RECORDED DATA –
= Beginning of Section =

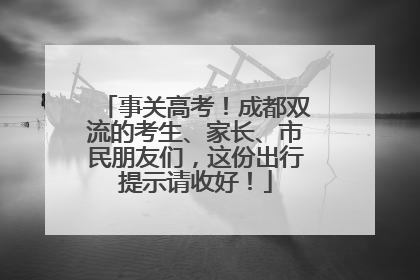 事关高考！成都双流的考生、家长、市民朋友们，这份出行提示请收好！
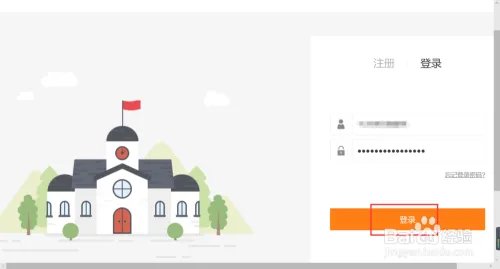 冰果英语是什么？冰果英语怎么注册？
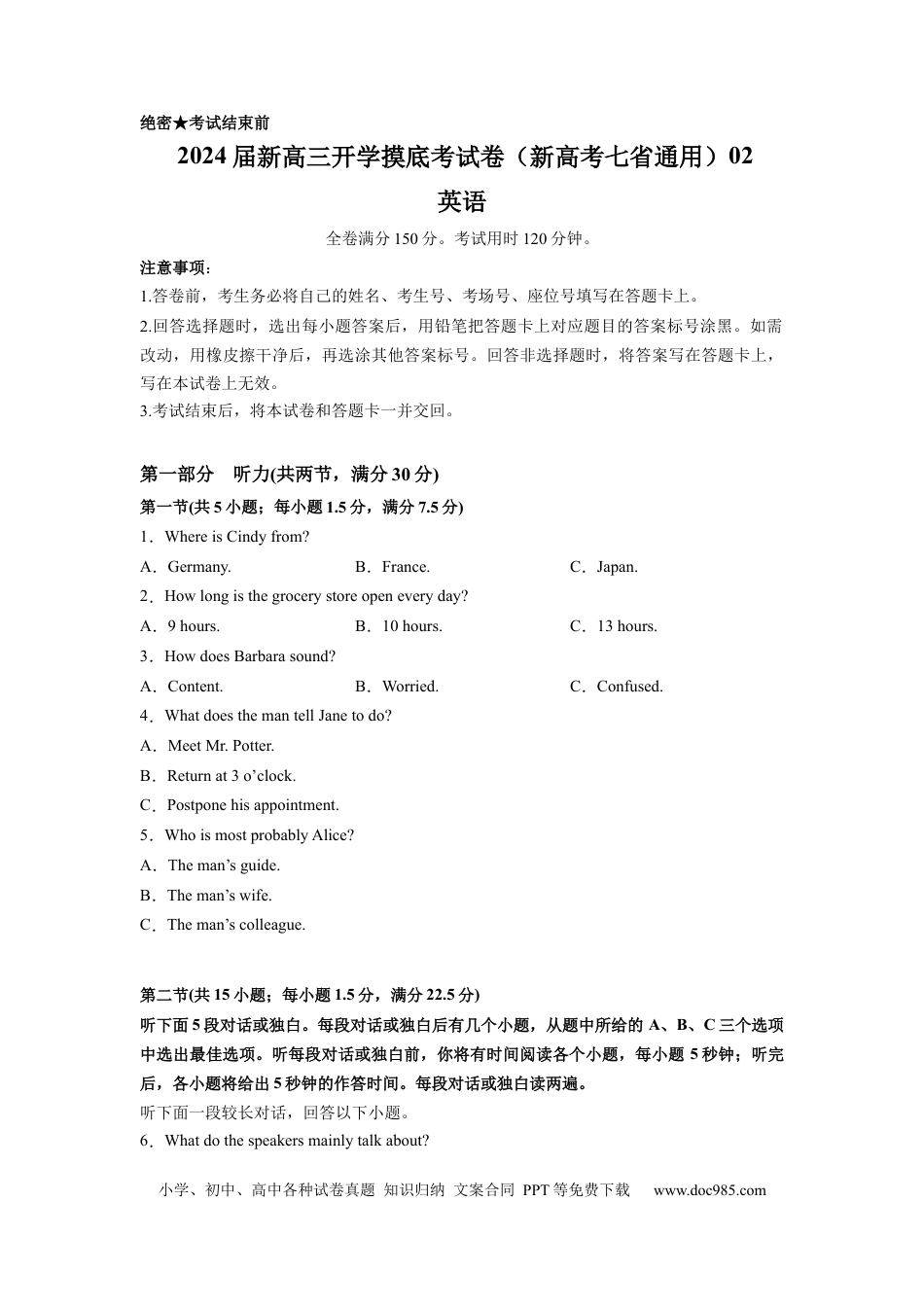 英语-2024届新高三开学摸底考试卷（新高考七省通用）02（考试版）.docx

= End of Section =

TASK GOAL –
Keep every word of the data as it is when you write it out, but drop the pictures.

EXERCISE ANSWER –
 事关高考！成都双流的考生、家长、市民朋友们，这份出行提示请收好！
 冰果英语是什么？冰果英语怎么注册？
 英语-2024届新高三开学摸底考试卷（新高考七省通用）02（考试版）.docx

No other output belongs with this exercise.